Saturday, January 30, 2010

To Miami

Hi all,

It’s been a while since we’ve updated the blog – couple of weeks due to travel mostly. Arnie had to fly home to Boston for 4 days, while Ronnie took shore leave visiting her Mom in nearby Boynton Beach. When we came back there was another possible weather window appearing on the horizon, so we decided to wait it out one more time.

In the meantime, we rented a car and went to the west coast of Florida, Naples and Cape Coral, to see 2 boats that were for sale. Both very nice boats, both too much money, but it was fun to look. Also gave us a lot to talk about and whether a bigger boat was really in the cards. Still trying to figure that out.

Naples is very pretty, at least the old downtown area and beach, with its long pier. Along Alligator alley going across the state, we finally saw tons of birds, alligators and what the old swamp used to look like. The first boat we saw was designed by a famous multihull designer, John Shuttleworth, and built by a reputable builder in FL. Nice boat, a little worrisome when we saw 4 autopilots and the helm felt really heavy. Also too much money.

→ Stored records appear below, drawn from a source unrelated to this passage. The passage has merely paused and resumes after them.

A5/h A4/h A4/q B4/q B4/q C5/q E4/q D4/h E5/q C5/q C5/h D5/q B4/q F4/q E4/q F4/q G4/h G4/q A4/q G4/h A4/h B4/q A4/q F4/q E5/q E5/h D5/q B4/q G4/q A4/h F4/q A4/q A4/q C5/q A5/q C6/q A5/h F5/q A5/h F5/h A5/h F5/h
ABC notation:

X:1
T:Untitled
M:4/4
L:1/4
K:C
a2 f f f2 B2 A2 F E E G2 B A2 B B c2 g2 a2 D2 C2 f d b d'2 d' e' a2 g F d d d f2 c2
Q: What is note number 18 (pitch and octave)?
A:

We headed up to Cape Coral after Naples to see the next boat, a Catana 41, a fast French boat that was sitting in a neat old boatyard that is exclusively for catamarans. The owner was there to show us around and he obviously loves his boat, but can’t sail it anymore. Unfortunately it is too much boat for our needs with a scary number of systems – including 2 diesel engines - and too much money.

We came back to see that the weather window was once again messing up. We could probably make the crossing, but then more than likely get stuck somewhere en route to Marsh Harbour ( 200 miles from Florida). Given that we already have been waiting a month and we want to go have some fun, we decided to go south to the Keys via Miami and then the Gulf (shallow) side of the Keys where there are lots of islands and not many boats.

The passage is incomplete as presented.